無駄のない筋肉、爆発力を秘めた体つき——
これだけで十分価値があるわ。
「よく聞きなさい、航。千雪を満足させてくれたら、ちゃんとご褒美あげる。」
森川航の目が細まり、危険な光を帯びる。「航、だって?」
ふっと彼は千雪の細い腰を強く掴み、あっという間に体勢を逆転させた。千雪はシルクのシーツに沈み、黒髪が雪のような肌を引き立てる。

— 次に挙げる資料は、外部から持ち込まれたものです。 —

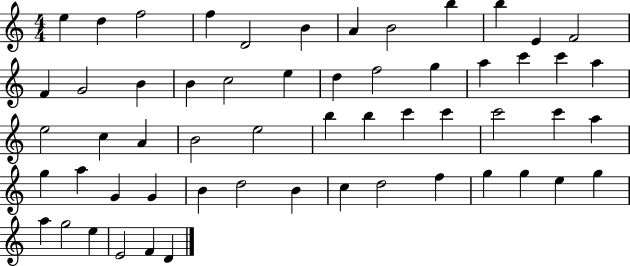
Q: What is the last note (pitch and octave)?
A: D4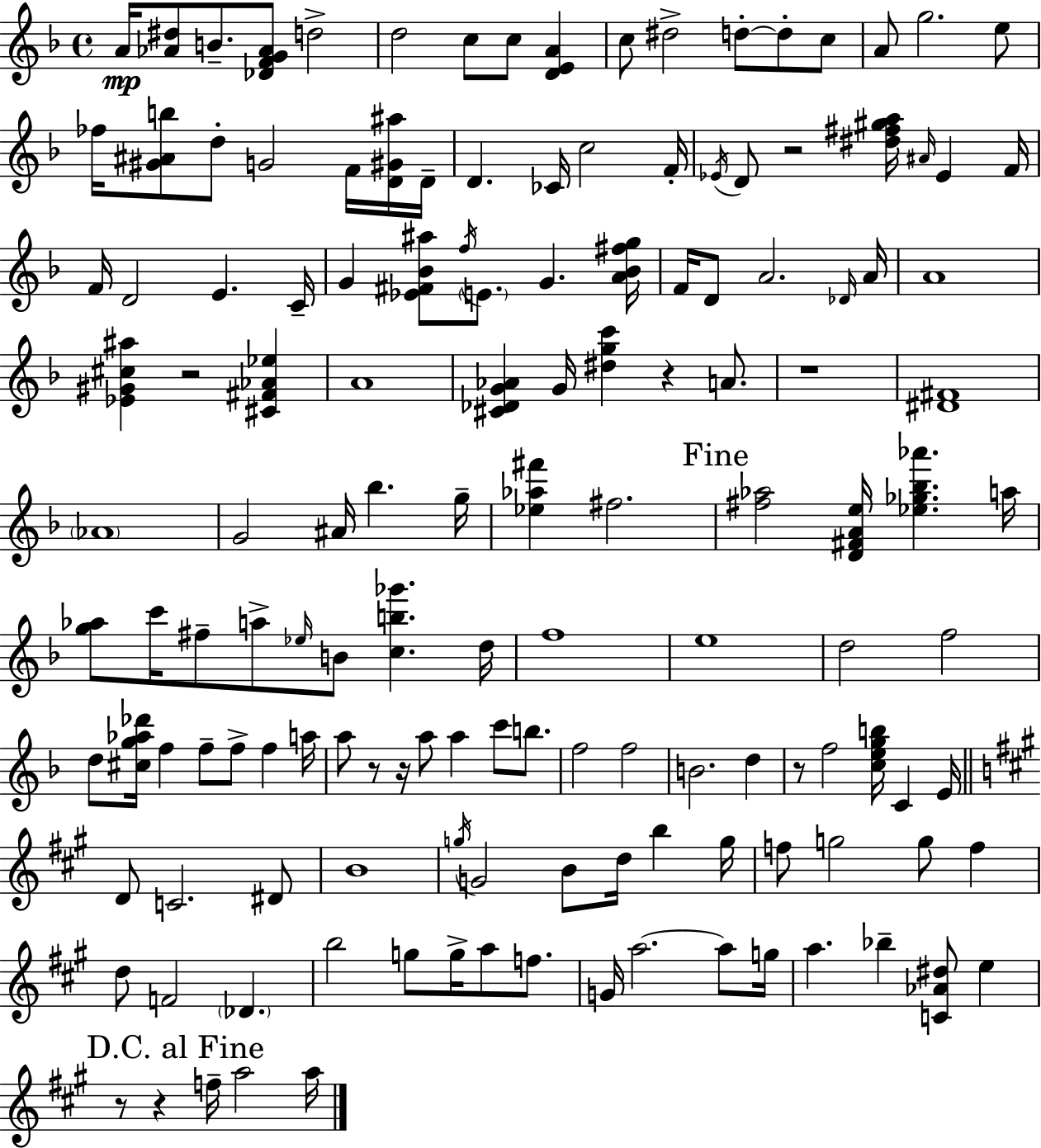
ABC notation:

X:1
T:Untitled
M:4/4
L:1/4
K:F
A/4 [_A^d]/2 B/2 [_DFG_A]/2 d2 d2 c/2 c/2 [DEA] c/2 ^d2 d/2 d/2 c/2 A/2 g2 e/2 _f/4 [^G^Ab]/2 d/2 G2 F/4 [D^G^a]/4 D/4 D _C/4 c2 F/4 _E/4 D/2 z2 [^d^f^ga]/4 ^A/4 _E F/4 F/4 D2 E C/4 G [_E^F_B^a]/2 f/4 E/2 G [A_B^fg]/4 F/4 D/2 A2 _D/4 A/4 A4 [_E^G^c^a] z2 [^C^F_A_e] A4 [^C_DG_A] G/4 [^dgc'] z A/2 z4 [^D^F]4 _A4 G2 ^A/4 _b g/4 [_e_a^f'] ^f2 [^f_a]2 [D^FAe]/4 [_e_g_b_a'] a/4 [g_a]/2 c'/4 ^f/2 a/2 _e/4 B/2 [cb_g'] d/4 f4 e4 d2 f2 d/2 [^cg_a_d']/4 f f/2 f/2 f a/4 a/2 z/2 z/4 a/2 a c'/2 b/2 f2 f2 B2 d z/2 f2 [cegb]/4 C E/4 D/2 C2 ^D/2 B4 g/4 G2 B/2 d/4 b g/4 f/2 g2 g/2 f d/2 F2 _D b2 g/2 g/4 a/2 f/2 G/4 a2 a/2 g/4 a _b [C_A^d]/2 e z/2 z f/4 a2 a/4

森川の視線は獲物を狙う狼のよう。「今夜は、俺に助けを求めるなよ。」
そのまま彼は千雪の唇を激しく奪った。
夜は深く、熱く、そして終わりが見えなかった。
千雪はベッドにぐったりと身を沈め、心の中で痛い教訓をまとめる。
一つ、ベッドで男のプライドに挑戦してはいけない。
二つ、初体験の相手に未熟な大学生を選んではいけない!
危うくこのままベッドで果てるところだった。
体を起こし、黒いワンピースを手繰り寄せる。着替えようとした瞬間、たくましい腕がまた腰を抱き寄せてきた。
「もう一度?」
千雪は彼の腕を払いのけ、手早くワンピースに袖を通す。LVのクラッチバッグから新札の一万円札を十枚数え、布団の中に押し込んだ。
「航、これがご苦労代よ。」
森川航の笑顔が一瞬止まる。「それはどういう意味だ?」
「遊びよ。本気にしないで。ごめんね、千雪には婚約者がいるの。」
布団の下で航の手が強く握りしめられる。
「からかったのか?」
千雪はおかしそうに現金を彼の手に押し付ける。「もう会うことはないわ。」
長い髪を振り、軽やかに退室した。
高級ホテルのフロントでは、昨日の結婚式の騒動がささやかれている。
「高島家と水原家の令嬢の結婚式で、新郎が逃げて、新婦が一人で客を相手にしたって……」
「高島健一と水原千雪って幼なじみじゃなかった? 式に百億円、指輪とドレスに二十億円もかかったのに、どうして破談になったの?」
「式の最中に元カノから電話がかかってきて、そのまま逃げたらしいよ!」
「しかもその元カノって、水原家が最近認知した隠し子なんだって! 千雪の異母姉!」
「信じられない……祖父が亡くなったばかりで、父親は愛人母娘を家に入れて、幼なじみの新郎は姉のために逃げるなんて……」
「私だったら、その場で飛び降りてるわ……」
「おはようございます、5201号室、チェックアウトお願いします。」
澄んだ声が噂を遮った。
フロントのスタッフは、水原千雪の美しい顔に息を呑み、首筋の鮮やかな痕跡に一瞬言葉を失った。手続きを終えながら心の中で呟く。
東京の名門も、なんてスキャンダラスなこと。
結婚式当日に新郎が逃げて、新婦はその夜に他の男とホテルに泊まるなんて……
千雪は運転席に座り、バックミラーで首元を確認する。襟元を下げると、胸元まで赤い痕が残っていた。
あの男、本当に犬なんじゃないの?
千雪は丁寧に痕を隠しながら、決意を新たにする。
高島健一に浮気されたなら、自分もやり返してやる。
だけど、こんな痕を見せびらかすつもりはない。
車が別荘の前で止まると、人影が駆け寄ってきた。
「千雪!昨日どこにいたの? 一晩中、君を待ってたんだ!」
高島健一は新郎のタキシードのまま、乱れた姿で立っている。千雪の顔を見た瞬間、彼の表情が凍りつく。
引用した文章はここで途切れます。